Politicians often cannot deliver on their promises but it helps that, at least, they prove they understand situations and believe in the need to improve them. I have mentioned it in this column before that we are the only country in the region, in fact in the entire Americas, that last year was levying full VAT on non-text books, because some misguided person in our Ministry of Finance erroneously believes that a non-school book is a luxury, an unessential item, peripheral to human development and should therefore attract VAT. Amazingly, our deeply impoverished Caricom neighbours who really need the relatively tiny revenue that VAT on books might provide forego that revenue stream. In TT we should interrogate the definition of a “good education” because we are not encouraging people to read enough of a wide range of books to educate ourselves properly. To give the State the benefit of the doubt, maybe the bureaucrats are trying to push people towards our excellent libraries and feel that people should not be buying books as the State has provided them through Nalis. But, Nalis had a moratorium on book purchases because of budgeting constraints and I don’t suppose the recent budget would have altered that.

And what about the publishing industry? Maybe the people in the Ministry of Finance ought to speak to those in the Ministry of Trade and Industry about how to stimulate a sector through tax incentives. Now that we are experiencing a marked increase in the number of emerging writers who are being published regionally and internationally and are on shortlists for many top international prizes it is not the time to have introduced a disincentive to reading our own world class literature that is so admired by others and so devalued by our

That kind of incoherent economic planning perverts the work of those of us in NGOs who are trying to advance our people. Fortunately, the Bocas Lit Fest has international partners such as Canadian charity CODE which each year funds a prize that writers from all over the region enter for Can$14,000 in prize money, plus their young adult novel being published by a Caribbean publisher and a guaranteed purchase of 2,500 copies of each of the three winning books freely distributed to libraries, schools and community programmes throughout the region.

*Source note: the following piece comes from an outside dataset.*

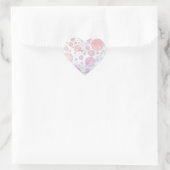 Licht roze pols dot patroon hart sticker (Tas)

Since we started in 2014, an incredible 37,000 books by new Caribbean writers have been put into the hands of hundreds of thousands of young people who also get to meet the authors. Only in TT do those books cost more in bookshops because of VAT. It would make sense to remove VAT on books by Caribbean publishers and stimulate demand, giving a fillip to the industry.

Maybe our Ministry of Finance believes the book is dead, but Amazon is opening mega bookstores in the US because books are not going anywhere just yet – they are too important. E-books are no longer closing down bookshops either. Today new books come in three formats simultaneously: paperback, e-version and audiobook. Given a proper chance, the world of Caribbean publishing could also enter this exciting new chapter.